The answer is to be an exact copy of the lines below running from the line with "leather Men Shoes - Men's Shoes" down to the line with "Holiday English 4.º", both ends included, and nothing more.

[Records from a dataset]
----

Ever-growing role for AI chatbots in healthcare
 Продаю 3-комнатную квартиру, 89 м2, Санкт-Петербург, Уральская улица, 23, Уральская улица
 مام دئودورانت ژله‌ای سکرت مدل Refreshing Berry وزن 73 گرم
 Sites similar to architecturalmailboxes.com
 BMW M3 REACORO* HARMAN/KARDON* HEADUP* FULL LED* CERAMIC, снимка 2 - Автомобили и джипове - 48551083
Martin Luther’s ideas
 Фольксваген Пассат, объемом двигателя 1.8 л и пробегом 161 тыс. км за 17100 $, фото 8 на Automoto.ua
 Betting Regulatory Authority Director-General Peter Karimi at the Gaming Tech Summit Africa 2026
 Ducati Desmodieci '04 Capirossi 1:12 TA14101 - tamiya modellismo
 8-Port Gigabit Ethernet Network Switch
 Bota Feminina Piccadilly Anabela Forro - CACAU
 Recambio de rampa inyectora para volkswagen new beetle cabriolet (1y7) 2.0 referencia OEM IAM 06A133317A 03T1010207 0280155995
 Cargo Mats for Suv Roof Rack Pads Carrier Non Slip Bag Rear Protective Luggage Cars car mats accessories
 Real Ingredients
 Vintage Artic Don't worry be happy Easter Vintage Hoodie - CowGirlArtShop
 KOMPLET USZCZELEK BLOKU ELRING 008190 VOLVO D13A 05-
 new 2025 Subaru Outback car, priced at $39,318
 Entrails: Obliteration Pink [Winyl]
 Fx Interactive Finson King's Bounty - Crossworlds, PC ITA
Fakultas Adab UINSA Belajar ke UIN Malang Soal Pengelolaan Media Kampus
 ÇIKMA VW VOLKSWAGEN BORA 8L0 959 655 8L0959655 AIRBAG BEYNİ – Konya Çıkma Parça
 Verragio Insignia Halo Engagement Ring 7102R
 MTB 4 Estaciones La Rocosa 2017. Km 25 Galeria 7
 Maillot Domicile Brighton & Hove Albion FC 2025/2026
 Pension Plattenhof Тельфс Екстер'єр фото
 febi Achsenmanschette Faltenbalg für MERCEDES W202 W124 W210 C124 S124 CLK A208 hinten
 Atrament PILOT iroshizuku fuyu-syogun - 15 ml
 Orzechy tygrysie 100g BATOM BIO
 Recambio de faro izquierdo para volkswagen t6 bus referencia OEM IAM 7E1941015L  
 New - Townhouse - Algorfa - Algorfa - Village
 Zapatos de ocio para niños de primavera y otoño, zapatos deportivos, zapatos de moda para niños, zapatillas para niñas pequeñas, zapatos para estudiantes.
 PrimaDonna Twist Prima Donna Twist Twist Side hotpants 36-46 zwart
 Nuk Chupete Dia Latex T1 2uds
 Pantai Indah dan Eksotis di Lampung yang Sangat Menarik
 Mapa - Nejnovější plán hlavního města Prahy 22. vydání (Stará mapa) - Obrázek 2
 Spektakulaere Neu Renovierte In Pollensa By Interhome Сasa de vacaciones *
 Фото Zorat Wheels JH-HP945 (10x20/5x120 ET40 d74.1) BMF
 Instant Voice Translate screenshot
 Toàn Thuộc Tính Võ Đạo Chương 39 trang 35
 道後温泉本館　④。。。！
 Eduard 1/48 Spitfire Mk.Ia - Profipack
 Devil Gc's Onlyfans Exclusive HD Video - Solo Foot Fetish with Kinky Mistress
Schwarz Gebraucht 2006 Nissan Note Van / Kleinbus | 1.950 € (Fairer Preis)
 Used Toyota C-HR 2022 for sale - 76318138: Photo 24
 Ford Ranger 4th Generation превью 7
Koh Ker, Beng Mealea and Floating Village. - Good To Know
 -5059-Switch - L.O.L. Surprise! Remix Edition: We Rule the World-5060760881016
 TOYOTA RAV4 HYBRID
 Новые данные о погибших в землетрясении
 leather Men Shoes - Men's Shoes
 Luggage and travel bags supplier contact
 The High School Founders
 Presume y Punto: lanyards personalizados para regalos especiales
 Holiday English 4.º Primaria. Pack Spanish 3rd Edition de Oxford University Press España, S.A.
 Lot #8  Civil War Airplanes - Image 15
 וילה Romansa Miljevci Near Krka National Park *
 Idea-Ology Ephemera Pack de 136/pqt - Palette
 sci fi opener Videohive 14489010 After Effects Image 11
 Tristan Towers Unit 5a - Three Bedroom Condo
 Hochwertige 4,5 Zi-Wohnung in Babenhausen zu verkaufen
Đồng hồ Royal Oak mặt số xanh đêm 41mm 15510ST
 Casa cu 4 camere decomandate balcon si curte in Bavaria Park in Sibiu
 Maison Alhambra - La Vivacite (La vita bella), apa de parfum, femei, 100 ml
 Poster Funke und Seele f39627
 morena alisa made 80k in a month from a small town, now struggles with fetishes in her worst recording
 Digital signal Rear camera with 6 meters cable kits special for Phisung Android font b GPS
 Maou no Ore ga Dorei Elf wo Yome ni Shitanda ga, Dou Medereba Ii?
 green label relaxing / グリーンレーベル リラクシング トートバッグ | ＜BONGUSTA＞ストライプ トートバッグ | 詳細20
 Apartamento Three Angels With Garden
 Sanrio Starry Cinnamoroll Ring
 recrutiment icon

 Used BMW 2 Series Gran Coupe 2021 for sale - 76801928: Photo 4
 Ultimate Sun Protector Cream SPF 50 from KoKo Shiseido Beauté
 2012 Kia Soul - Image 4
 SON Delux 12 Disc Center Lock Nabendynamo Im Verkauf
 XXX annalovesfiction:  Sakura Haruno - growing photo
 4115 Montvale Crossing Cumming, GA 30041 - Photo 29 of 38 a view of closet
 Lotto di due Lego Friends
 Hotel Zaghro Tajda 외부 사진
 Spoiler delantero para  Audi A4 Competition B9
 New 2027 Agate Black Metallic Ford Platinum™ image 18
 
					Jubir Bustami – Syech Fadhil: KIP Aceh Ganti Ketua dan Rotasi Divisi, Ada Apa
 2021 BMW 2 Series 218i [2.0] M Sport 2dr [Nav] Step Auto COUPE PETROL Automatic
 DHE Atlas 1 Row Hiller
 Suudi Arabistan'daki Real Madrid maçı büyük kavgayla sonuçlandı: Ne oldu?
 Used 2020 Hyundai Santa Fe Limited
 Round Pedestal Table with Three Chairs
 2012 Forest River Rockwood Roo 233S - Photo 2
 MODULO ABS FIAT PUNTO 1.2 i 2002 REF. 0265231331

----

### Reply to the task:
 leather Men Shoes - Men's Shoes
 Luggage and travel bags supplier contact
 The High School Founders
 Presume y Punto: lanyards personalizados para regalos especiales
 Holiday English 4.º Primaria. Pack Spanish 3rd Edition de Oxford University Press España, S.A.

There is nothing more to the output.